A majority of business leaders believe their information technology functions are on the verge of a major, impending disruption, and 43% say their company will increasingly use IT "as a commodity service that is bought as and when needed."
That's the gist of a new survey of 536 business leaders, released by The Economist Intelligence Unit and sponsored by Dell Services. As reported by CIO's Thor Olavsrud, at least 57% if the C-suite executives say transformation is imminent with the next three years. However, many don't feel their CIOs are up for the challenges -- only 46% say their CIOs understand the business and only 44% say their CIOs understand the technical risks involved in new ways of using IT. In addition, Olavsrud reports, one in six CIOs don't really have a hand in forumating business strategy.
Is this an indictment of CIOs, or an indictment of business-side executives who are blind to the potential of IT to move businesses forward into an increasingly, hyper-competitive global market? The survey shows little doubt that IT will drive the business forward with new innovations and ways to connect with customers.
And, tellingly, companies that recognize the value of their IT resources do better In their markets, the survey finds. For example, of the 37% of respondents who said their CIO was actively involved in setting business strategy, 47% -- versus 28% of those with silent CIOs.
As for the increasing perception that IT is a commodity, this has been building for more than a decade now. IT resources have become increasingly cheap and yet more powerful. Now, the cloud offer alternatives outside the enterprise walls.
Still, having all the state-of-the-art computing resources in the world do not alone make a well-run company -- any more than having great video and editing technology will turn its user into the next Steven Spielberg, or merely owning a Stradivarius violin will make someone a great musician.

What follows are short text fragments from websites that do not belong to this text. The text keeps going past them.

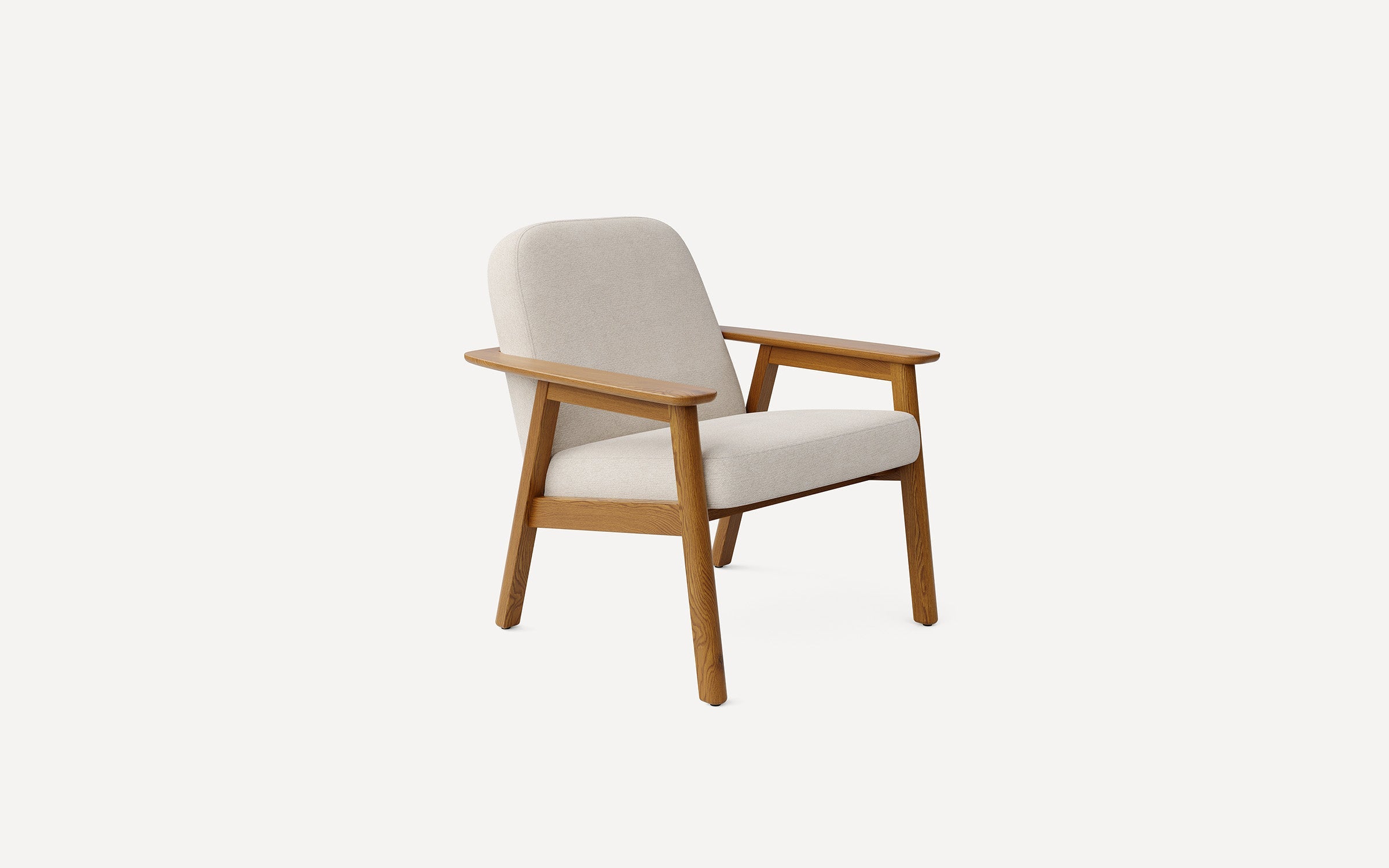 Mid-century modern armchair with beige cushioned seat and backrest, supported by a light brown wooden frame.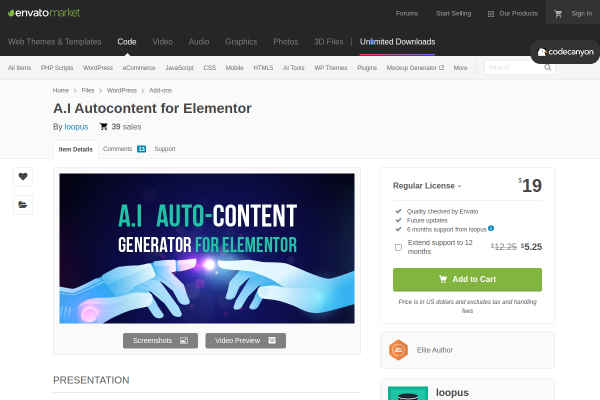 Screenshot of AI Autocontent for Elementor homepage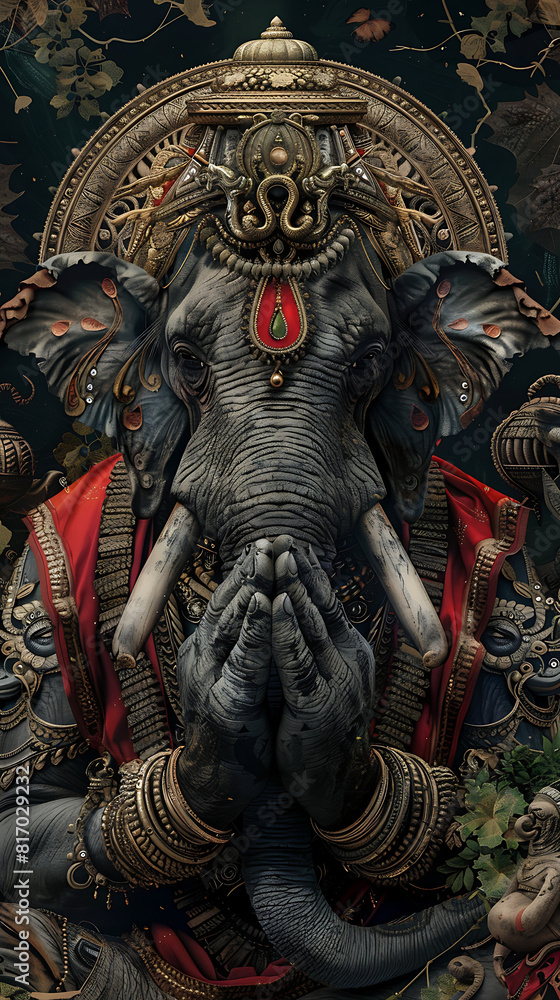 Ganesh wall art, The god of abundance is revered by the people, resulting in wealth and happiness Ganesh wall art, The god of abundance is revered by the people, resulting in wealth and happiness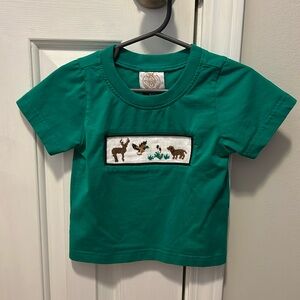 Southern Sass Smocks green hunting buddies shirt. Size 12m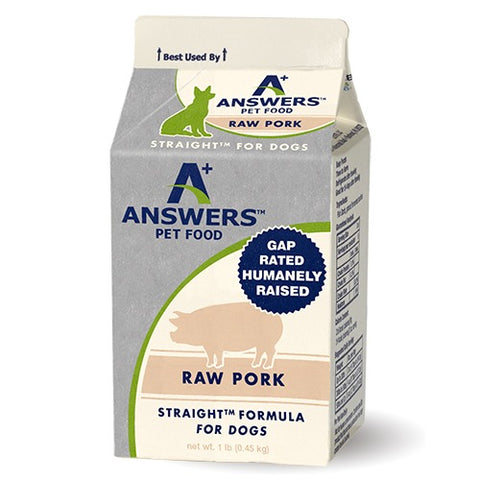 Answers Dog Straight Pork Frozen Diet 4lb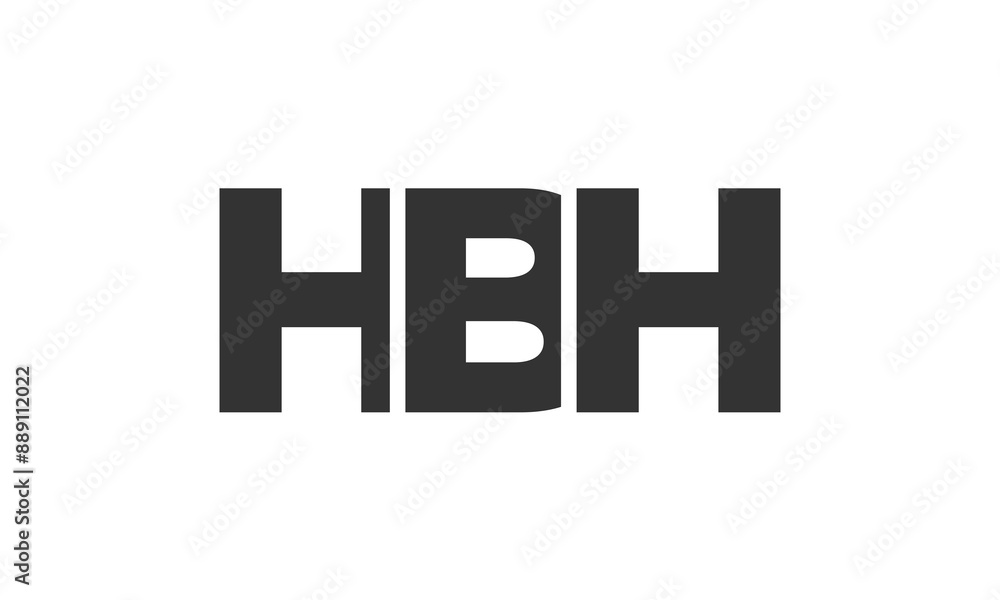 Poster hbh logo design template with strong and modern bold text. initial based vector logotype featuring s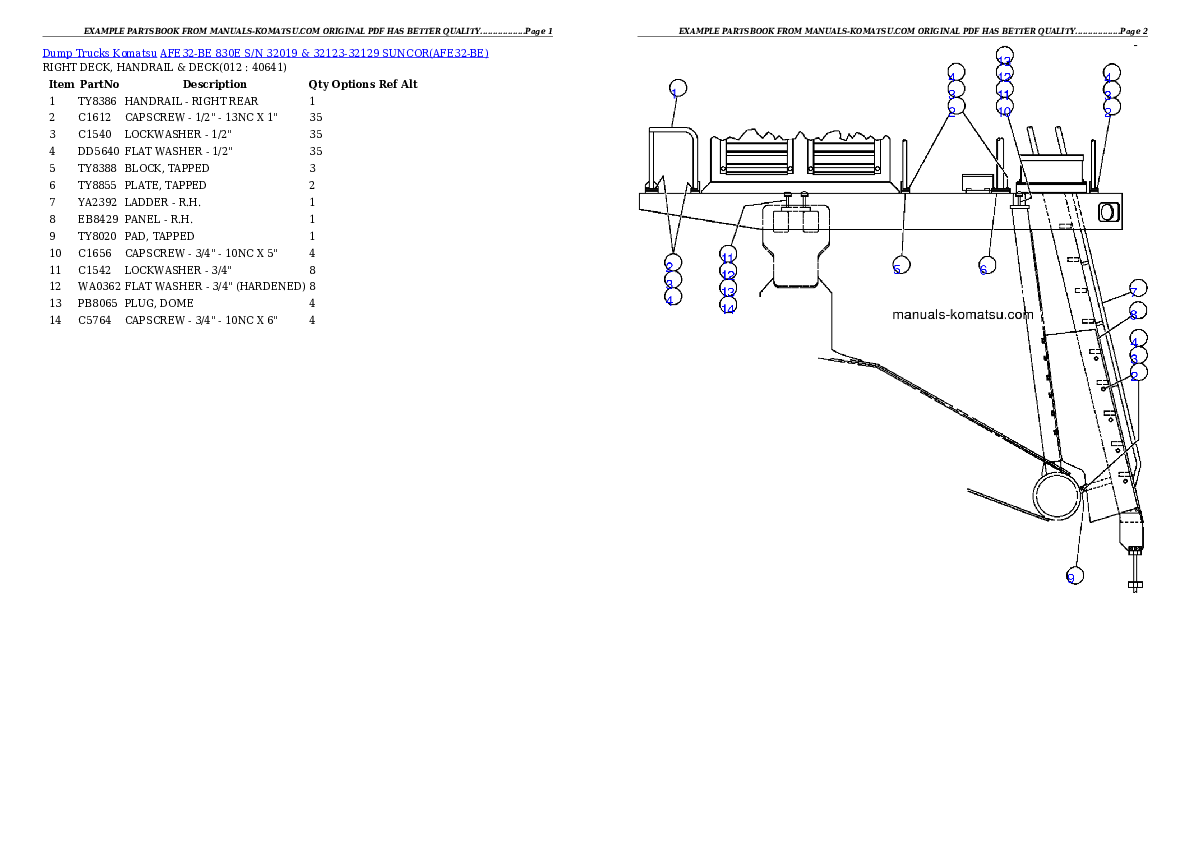 Protected: AFE32-BE 830E S/N 32019 & 32123-32129 SUNCOR Partsbook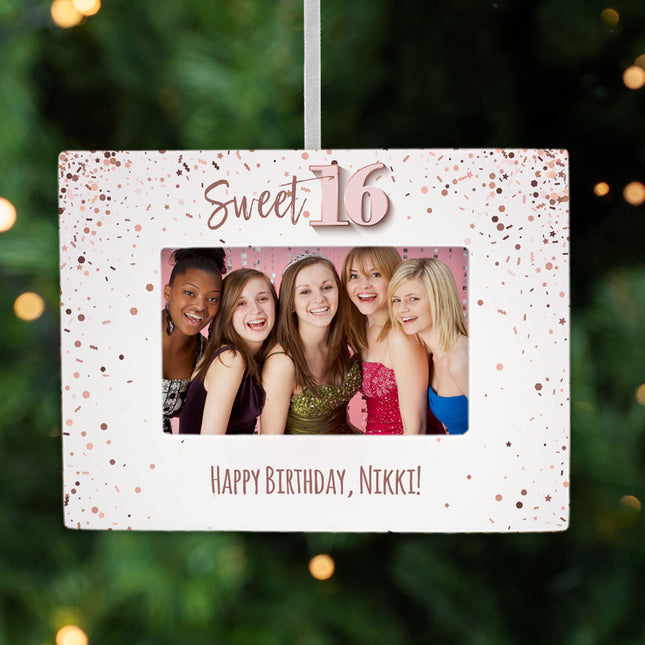 personalized personalized sweet 16 picture frame photo ornament – Christmas ornament, holiday tree decoration or gift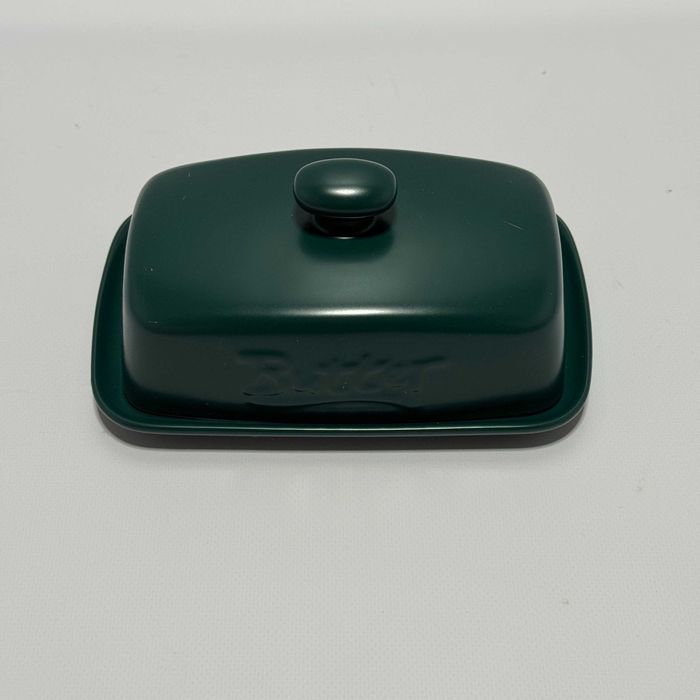 Porcelanowa maselniczka z pokrywką – Candidicap, matowa zieleń, duża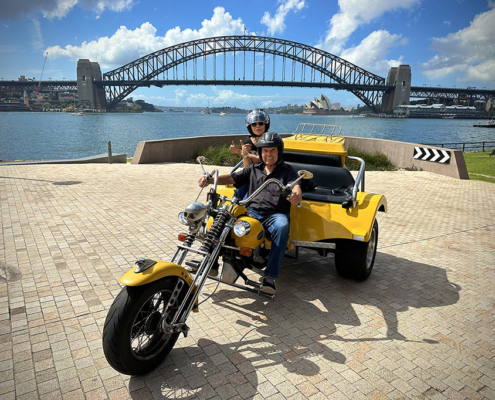 Our passengers did the trike tour just for fun. Tey didn't know where they wanted to go so our rider took them to some scenic areas of Sydney.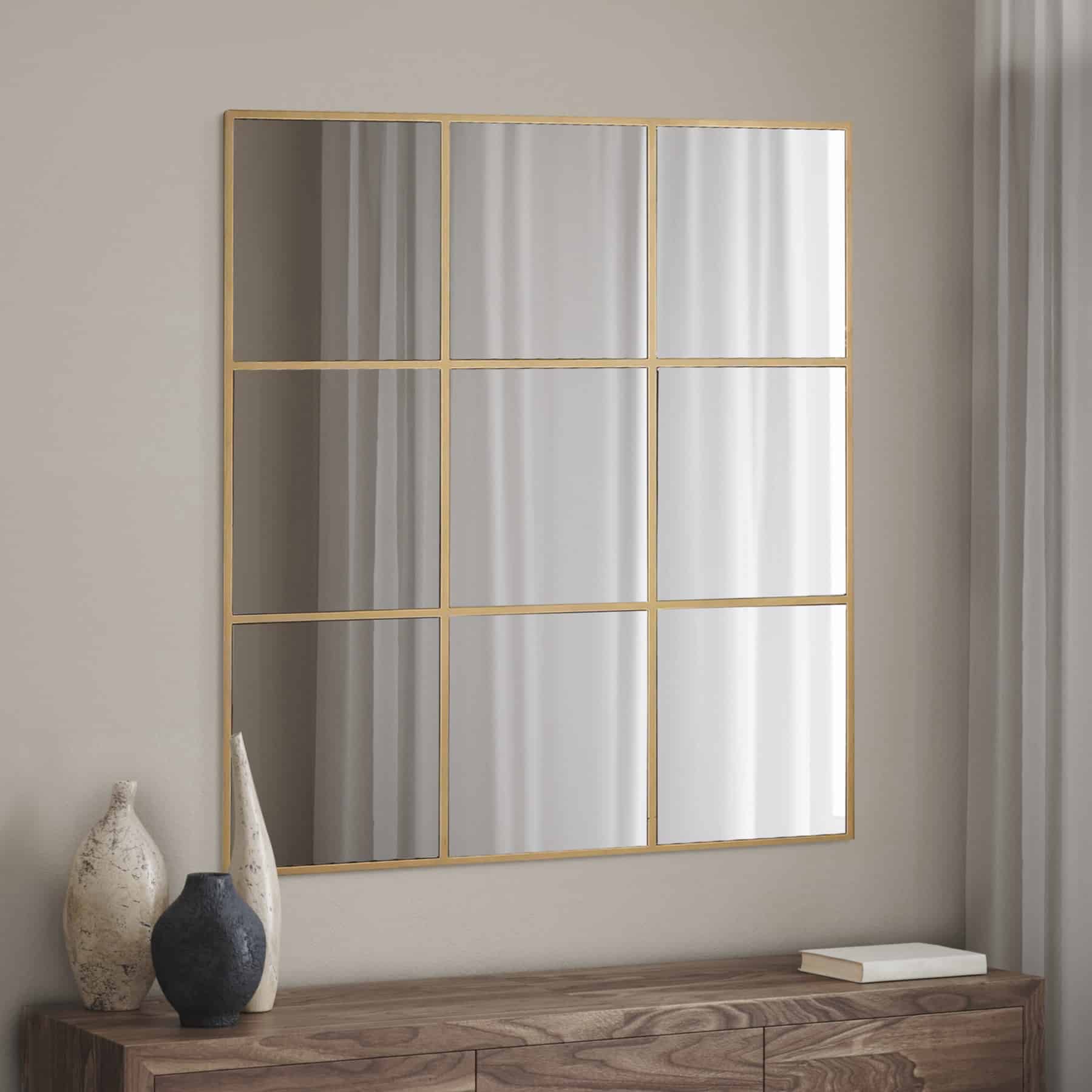 מראה מרובעת מסגרת זהב ריבועים 90/90 דגם שחם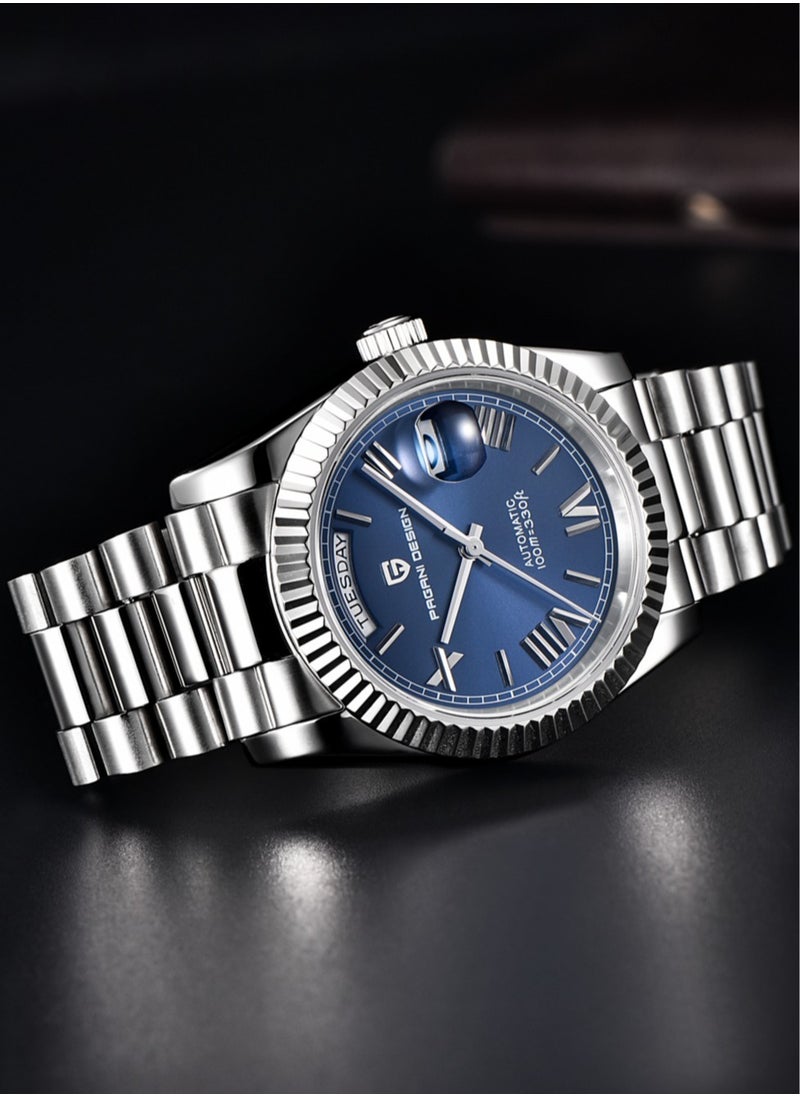 PAGANI DESIGN Men's Watches 36mm Automatic Deep Blue Stainless Steel Mechanical Business Sports Luxury Wrist Watch for Men PD-1752  - Image 3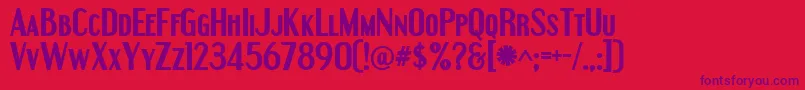 Engebold Font – Purple Fonts on Red Background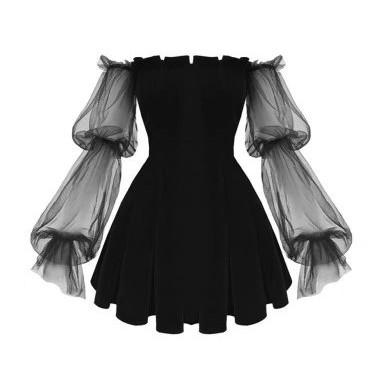 Váy đầm nữ dáng xòe tay lưới dài Đầm xòe trễ vai xinh xắn chất liệu Umi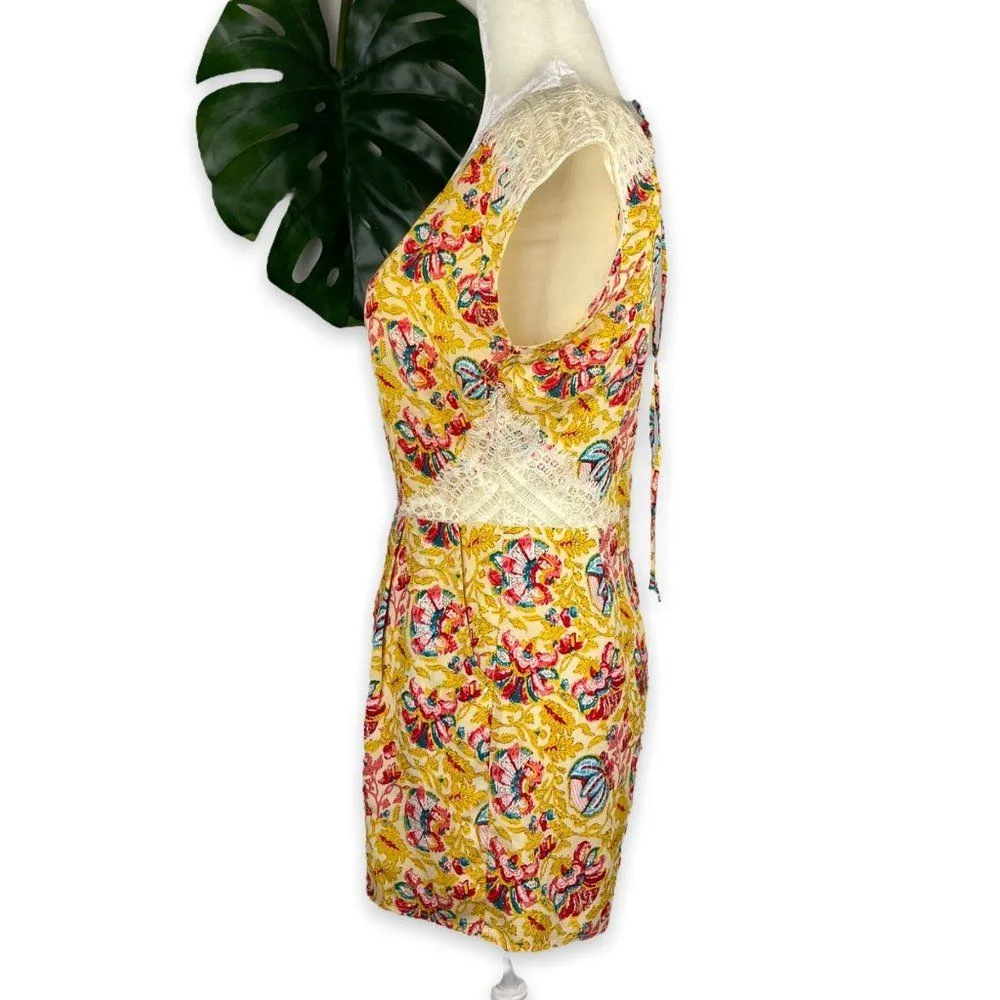 Ark & Co Antique Gold Floral Print Lace V-Back Romper - Image 5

It takes a special mix of vision, along with an ability to get people passionate and committed, and lots and lots of hard work to make a company rise above the competition.
To take the musician analogy a step further, think of the CIO as an orchestra conductor, pulling in the right technology solutions and IT pros just at the right times to make things hum.
The report also provides some advice to both CIOs and business leaders, including the need to push IT services budgeting down to the business unit level so "the people who pay for an IT service are those who benefit from it," and to think more widely about the role of IT in the business.